# [What is expected]
Strip the pictures, then copy the remaining data exactly as it stands.

Supplied data Block Start

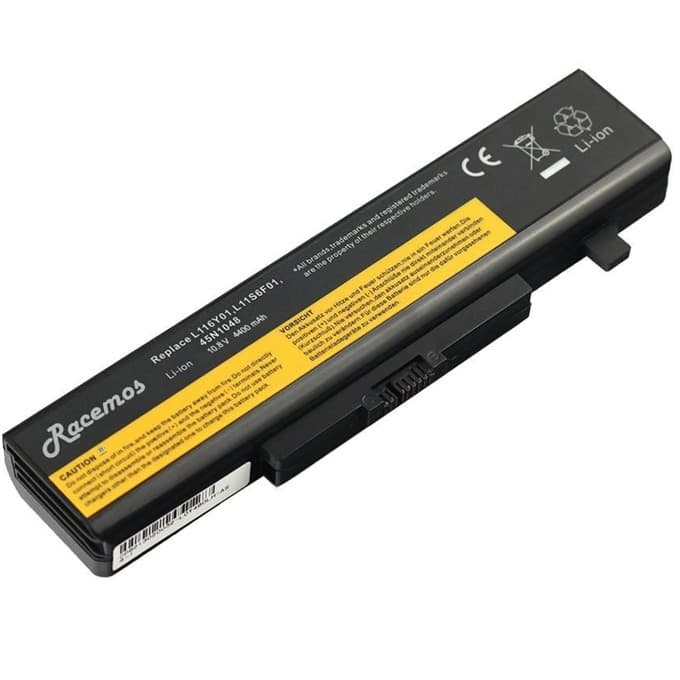 Батерия (заместител) за лаптоп Lenovo, съвместима с модели ThinkPad Edge E430 E430c E435 E431 E445 E440 E530 E530c E535 E531 E545 E540 B590, 6-cell, 10.8V, 5200mAh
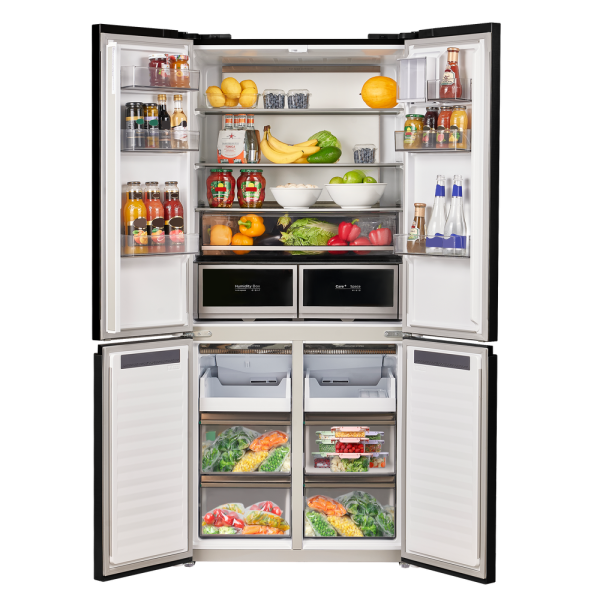 Холодильник MAUNFELD MFF190NFDB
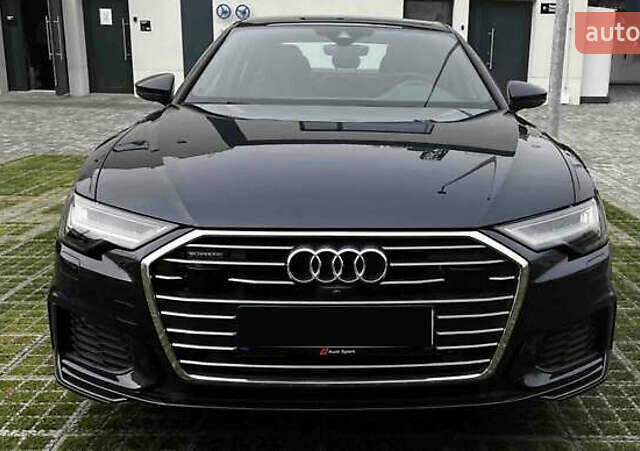 Синій Ауді А6, об'ємом двигуна 3 л та пробігом 39 тис. км за 33000 $, фото 1 на Automoto.ua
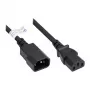 Good Connections P1430-S005 - 0,5 m - C14-koppeling - C13-koppeling - H05VV-F - 250 V - 10 A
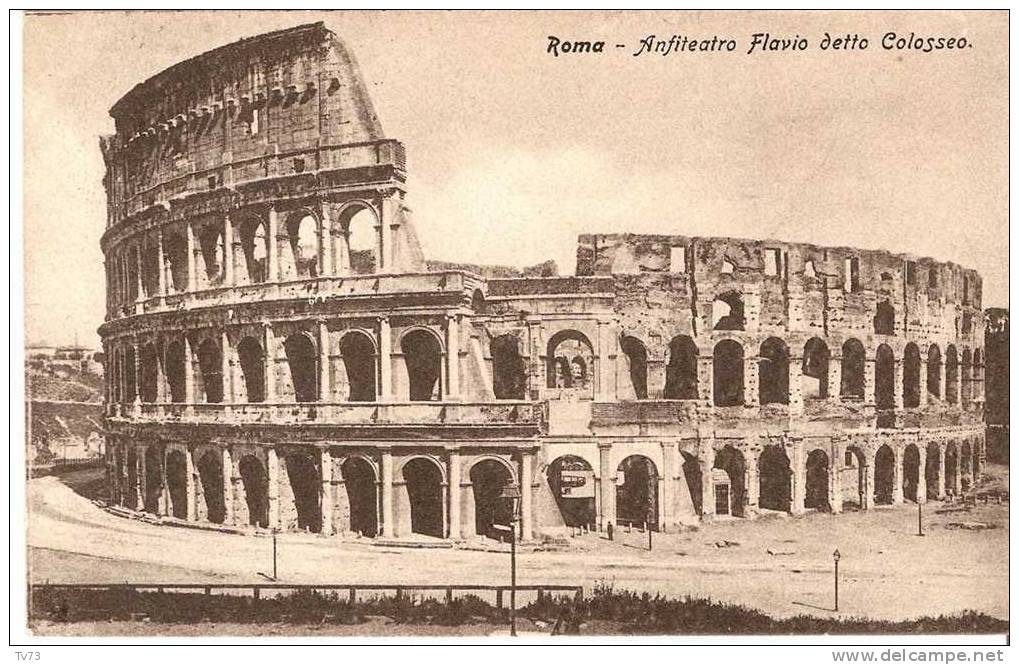 CpE0134 - ROME - Anfiteatro Flavio Detto Colosseo - (Italie) - Colisée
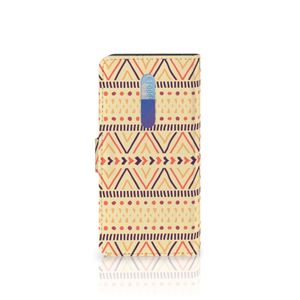 Xiaomi Redmi K20 Pro Telefoon Hoesje Aztec Yellow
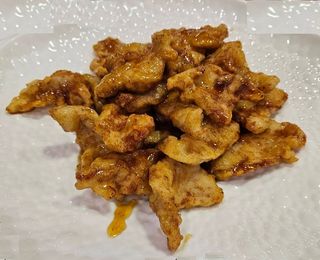 Porc crocant dulce-acrișor锅包肉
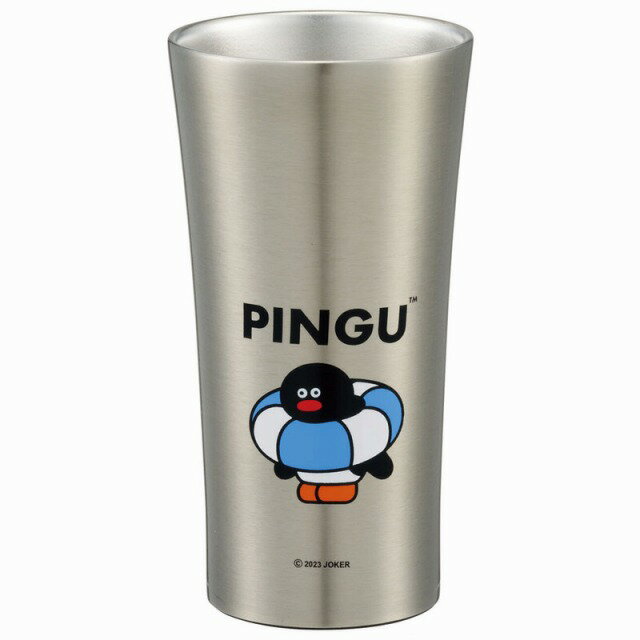 タンブラー ピングー PINGU 松本セイジ STB4N スケーター 真空 断熱 ステンレスタンブラー ペンギン キャラクター 400ml ステンレスマグのサムネイル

Supplied data Block End

# [Answer to this problem]
 Батерия (заместител) за лаптоп Lenovo, съвместима с модели ThinkPad Edge E430 E430c E435 E431 E445 E440 E530 E530c E535 E531 E545 E540 B590, 6-cell, 10.8V, 5200mAh
 Холодильник MAUNFELD MFF190NFDB
 Синій Ауді А6, об'ємом двигуна 3 л та пробігом 39 тис. км за 33000 $, фото 1 на Automoto.ua
 Good Connections P1430-S005 - 0,5 m - C14-koppeling - C13-koppeling - H05VV-F - 250 V - 10 A
 CpE0134 - ROME - Anfiteatro Flavio Detto Colosseo - (Italie) - Colisée
 Xiaomi Redmi K20 Pro Telefoon Hoesje Aztec Yellow
 Porc crocant dulce-acrișor锅包肉
 タンブラー ピングー PINGU 松本セイジ STB4N スケーター 真空 断熱 ステンレスタンブラー ペンギン キャラクター 400ml ステンレスマグのサムネイル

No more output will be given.